The problem with this is that in the standard property management system, the original source of the lead is not carried over to the other communities in the portfolio that the prospect contacts.

  • Second, most apartment operators aren’t consistently and accurately resolving duplicate leads in their property management systems.

Sometimes, the same person will appear in the system as two or more different leads because of human error. 

For example, one leasing associate may record a contact with a prospect by slightly misspelling a last name as “Gonzales.” When another leasing associate enters her name, they spell it “Gonzalez.” Now it looks like there are two different leads, only one of which can be converted into a lease. And if the prospect does convert, you will have an incomplete record of the prospect’s journey because her history is spread across two different “leads.”

In effect, you have erased the footprints in the snow that the prospect’s journey took, including possibly the original source of the lead.

  • Finally, online leasing, while great, more often than not creates a brand-new guest card with a brand-new source through the creation of the new lease. 
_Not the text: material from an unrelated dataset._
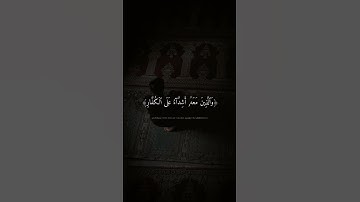 محمد رسول الله والذين معه اشداء ياسر الدوسري سورة الفتح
In your typical property management system, it won’t convert the original lead. The outcome of this is that a property’s website can be overattributed as a source of lead-to-lease conversions and other sources – such as internet listing services – can be severely under attributed.

All three of these factors contribute to poor lead source accuracy in property management software.

The Right CRM and the MECE Principle
By contrast, cutting-edge customer relationship management software can greatly increase source accuracy. Through a sophisticated algorithm, it can deal with human errors like misspellings of last names, get rid of duplicate leads and assemble a complete, accurate picture of a prospect’s journey.

In data collection, there’s a concept known as the MECE principle. MECE stands for “mutually exclusive, collectively exhaustive.” When it comes to storing and tracking prospect data, MECE should be your guiding principle. In other words, you want a complete record of your prospects and their journey without any lead duplication to muddy the picture. The right CRM can ensure this is the case.